Is Design a Science?
One design action implemented in two different concepts can receive contradictory observations.
Design is a visually subjective art for the masses, and functionally a continuous attempt at increasing the ease of use within a user group.
With this being said, design is also a combination of various disciplines and areas of focus. Within these disciplines lives artistic vision, business strategy, and yes, scientific data interpretation, psychology, and ergonomics/anatomy. Because of the fact that the majority humans respond to order over chaos when attempting to navigate or produce effectiveness, organization is key in designing within the digital realm.

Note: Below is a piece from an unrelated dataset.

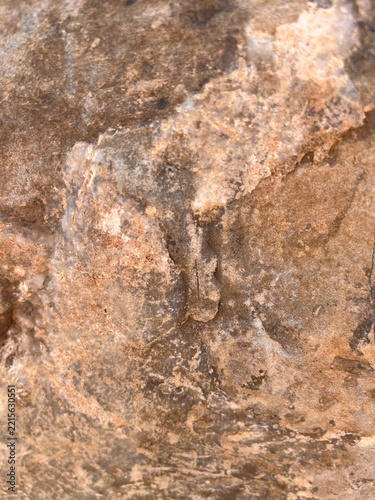 Natural brown stone texture background, rough rock surface close up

Dropping into a new website is essentially a test for both the person surfing the site, as well as the person who designed the site. The test for the person surfing is essentially a test of intuitive navigation and familiarity with how websites typically function based off of past experiences. This could be anything from instinctively knowing where the navigation menu is, knowing where to find a product, or searching for a contact us page when tasked with calling directly. These are the basic guidelines that stem from a person’s past experience with websites as well as intuitive design.
Action X Will Create Reaction Y
The test for the individual who designed the site is where the “science” comes in. Science, primarily, is defined by laws And every action causing an equal and accurately determined reaction. Newton’s first law of nature is “Every object in a state of uniform motion will remain in that state of motion unless an external force acts on it.” That means that 100% of the time, if an object is in motion it will stay in motion until altered from an external force. The key takeaway here is that no matter what happens, this action will always cause the same reaction. That is what defines a law and ultimately defines a science.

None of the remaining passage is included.